__DATA LISTING__.
▼

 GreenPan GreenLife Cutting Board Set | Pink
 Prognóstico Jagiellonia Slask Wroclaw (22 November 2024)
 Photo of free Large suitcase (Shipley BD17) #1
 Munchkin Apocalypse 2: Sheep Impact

▲
▼

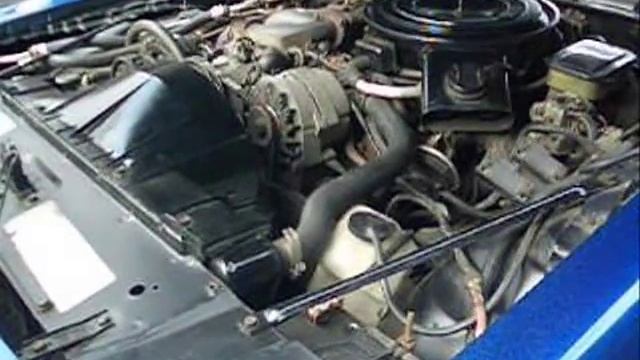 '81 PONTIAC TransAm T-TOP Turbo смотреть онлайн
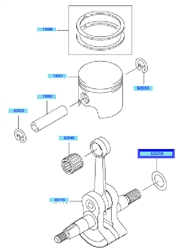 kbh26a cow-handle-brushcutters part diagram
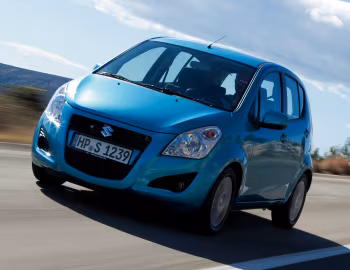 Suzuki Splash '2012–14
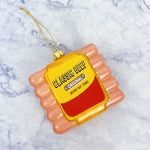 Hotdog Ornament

▲

__ACTIVITY__.
Retype, in the same exact form, the lines of the material above from the line holding "Photo of free" through the line holding "Munchkin Apocalypse 2: Sheep Impact".

__COMPLETED EXERCISE__.
 Photo of free Large suitcase (Shipley BD17) #1
 Munchkin Apocalypse 2: Sheep Impact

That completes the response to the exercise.